こんな伯母さんがいたら、たくさん話が聴きたくなりそう。
ゴッホとゴーギャンの関係性も初めて知った。
私自身は親友と呼べる人がいるかいないか、そもそも親友の定義も正直わからずにいる。
でも、一瞬でも同じ時を過ごし、思いが通じ合うことができたのかなと感じる人は何人も思い当たる。

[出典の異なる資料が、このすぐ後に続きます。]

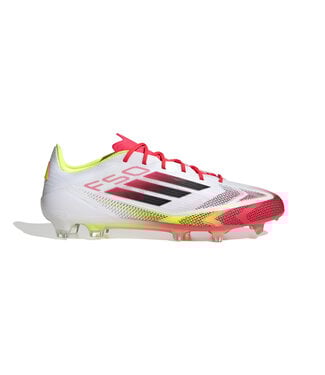 Adidas F50 ELITE FG (WHITE/RED/VOLT)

これからも、人生のどこかでそんな人たちに出会えたらいいなと思う。
Posted by ブクログ
オーストラリアのエアーズロックを現地の先住民は「ウルル」と呼ぶこと、慣れない所に出かけると、乗り場を間違え慌てていると知らない人の足にスーツケースの角が当たり気まずい空気が漂う事もあるが、申し訳なさそうに謝ると解ってもらえる事、銃を肩から下げた男を見かけたら旅の予定を変えてでも命を守る事などが書かれてました。
Posted by ブクログ
すこしずつの親友もいう考え方が
とてもすてき。
こんな大人が周りにいたら、
どれだけホッとするだろう。
伯母と姪という、
あの優しい関係は
親子では出せないんだろうなあ。